Text: GPR next asserts the PPP is unenforceable under Iowa law because the PPP constitutes an unreasonable liquidated damages provision. The Iowa legislature has imposed restrictions on prepayment charges for agricultural land and certain family residences. The legislature has remained silent as to commercial real estate transactions. The district court noted Iowa follows the common law perfect tender in time rule, holding a borrower has no right to pay off a mortgage before the maturity date, absent a loan agreement provision allowing prepayment. See Lett v. Grummer, 300 N.W.2d 147, 150 (Iowa 1981). The Note provided GPR the right to prepay, but only if payment was tendered in full, accompanied by the PPP payment. The district court found the PPP's terms to be unambiguous and noted when commercial entities, represented by counsel, agree to contractual terms, Iowa courts will ordinarily enforce the terms. We agree.
Under Iowa law, liquidated damages are a remedy for breach of contract. See Am. Soil Processing, Inc. v. Iowa Underground Storage Tank Fund Bd., 586 N.W.2d 325, 334 (Iowa 1998). Where a party retains control over the manner of performance, alternatives are not damages provisions but rather performance alternatives. Id. (citing Superfos Inv. Ltd. v. FirstMiss Fertilizer, Inc., 821 F.Supp. 432, 434 (S.D.Miss.1993)). Here, the Note gave GPR the choice of paying according to the Note's terms or prepaying the Note in full and paying the PPP. When GPR elected to prepay, GPR was not breaching the contract but was in fact acting in accordance with an express option provided under the contract. The district court was correct in determining the PPP was not a liquidated damages provision.
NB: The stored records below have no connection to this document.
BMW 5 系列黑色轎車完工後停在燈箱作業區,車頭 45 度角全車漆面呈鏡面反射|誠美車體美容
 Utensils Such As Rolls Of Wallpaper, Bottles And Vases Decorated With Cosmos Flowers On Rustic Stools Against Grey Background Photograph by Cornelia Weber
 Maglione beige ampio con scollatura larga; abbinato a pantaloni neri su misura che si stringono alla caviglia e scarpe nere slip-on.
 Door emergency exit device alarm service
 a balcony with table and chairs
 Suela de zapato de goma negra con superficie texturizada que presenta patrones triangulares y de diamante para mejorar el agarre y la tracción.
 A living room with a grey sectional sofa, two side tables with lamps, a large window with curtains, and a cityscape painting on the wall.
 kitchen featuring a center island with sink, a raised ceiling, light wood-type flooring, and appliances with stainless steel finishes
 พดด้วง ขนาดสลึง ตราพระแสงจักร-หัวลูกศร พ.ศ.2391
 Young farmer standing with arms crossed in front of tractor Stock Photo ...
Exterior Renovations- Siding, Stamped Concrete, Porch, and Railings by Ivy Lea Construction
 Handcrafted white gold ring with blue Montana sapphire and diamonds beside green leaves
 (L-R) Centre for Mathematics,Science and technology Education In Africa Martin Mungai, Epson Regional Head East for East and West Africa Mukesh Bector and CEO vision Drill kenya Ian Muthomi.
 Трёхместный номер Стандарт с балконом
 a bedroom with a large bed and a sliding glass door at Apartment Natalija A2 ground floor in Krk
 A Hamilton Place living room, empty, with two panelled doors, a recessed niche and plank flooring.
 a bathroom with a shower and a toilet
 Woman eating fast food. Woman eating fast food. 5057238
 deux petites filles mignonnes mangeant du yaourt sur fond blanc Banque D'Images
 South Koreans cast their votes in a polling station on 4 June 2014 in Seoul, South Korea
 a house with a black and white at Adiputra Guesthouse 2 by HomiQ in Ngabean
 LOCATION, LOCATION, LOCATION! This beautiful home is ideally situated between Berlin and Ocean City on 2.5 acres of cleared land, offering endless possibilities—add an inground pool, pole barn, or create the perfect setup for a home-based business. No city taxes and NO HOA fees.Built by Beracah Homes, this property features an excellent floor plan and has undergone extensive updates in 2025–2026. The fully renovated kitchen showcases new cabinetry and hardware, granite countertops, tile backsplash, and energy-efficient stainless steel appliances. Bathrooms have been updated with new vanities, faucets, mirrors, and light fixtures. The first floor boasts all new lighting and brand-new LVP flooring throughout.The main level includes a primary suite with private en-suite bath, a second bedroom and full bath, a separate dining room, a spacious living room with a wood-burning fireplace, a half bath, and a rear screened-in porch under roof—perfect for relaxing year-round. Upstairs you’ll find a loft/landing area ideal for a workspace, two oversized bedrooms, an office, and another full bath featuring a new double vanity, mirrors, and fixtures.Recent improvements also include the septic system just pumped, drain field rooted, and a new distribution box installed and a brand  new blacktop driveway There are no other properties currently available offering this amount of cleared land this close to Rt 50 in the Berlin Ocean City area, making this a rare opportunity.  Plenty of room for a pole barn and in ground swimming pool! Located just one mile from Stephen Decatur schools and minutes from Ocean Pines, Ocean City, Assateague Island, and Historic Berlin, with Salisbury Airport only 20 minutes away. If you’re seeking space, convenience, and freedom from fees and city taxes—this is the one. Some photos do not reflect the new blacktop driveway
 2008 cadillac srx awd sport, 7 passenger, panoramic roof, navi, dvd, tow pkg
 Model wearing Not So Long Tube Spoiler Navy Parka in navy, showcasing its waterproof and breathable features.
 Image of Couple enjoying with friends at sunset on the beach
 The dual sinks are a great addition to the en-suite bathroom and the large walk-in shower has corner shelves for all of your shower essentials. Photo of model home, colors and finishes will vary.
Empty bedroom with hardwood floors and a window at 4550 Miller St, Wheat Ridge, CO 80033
A liquidated damages charge is enforceable under Iowa law if it is reasonable in the light of the anticipated or actual loss caused by the breach and the difficulties of proof of loss. A term fixing unreasonably large liquidated damages is unenforceable on grounds of public policy as a penalty. Rohlin Constr. Co. v. Hinton, 476 N.W.2d 78, 80 (Iowa 1991) (quoting Restatement (Second) of Contracts, § 356(1) (1981)). The reasonableness of a liquidated damages provision is assessed as of the time the agreement is made, id., and is a question of law for the court. City of Davenport v. Shewry Corp., 674 N.W.2d 79, 85 (Iowa 2004). While at least one court has held as unreasonable a fixed prepayment penalty, the court did so because the penalty presumed that a loss would occur, regardless of whether interest rates rose or fell. See In re A.J. Lane & Co., 113 B.R. 821, 829 (Bkrtcy.D.Mass. 1990). The Lane court suggested that [a]ny prepayment charge should be wholly or largely dependant upon ... the difference in the interest yield between the contract rate and the market rate at the time of prepayment, projected over the term of the loan and then discounted to arrive at present value. Id. The PPP did what the Lane court suggested, because the PPP did not presume a loss and was calculated based upon prevailing market rates in an attempt to calculate UCL's actual loss of earnings resulting from GPR's prepayment. The formula used and the resulting PPP charge were reasonable at the time the agreement was reached. Even if the PPP were treated as a liquidated damages provision, the PPP is enforceable because it constituted a reasonable assessment of the actual or anticipated loss caused by the breach.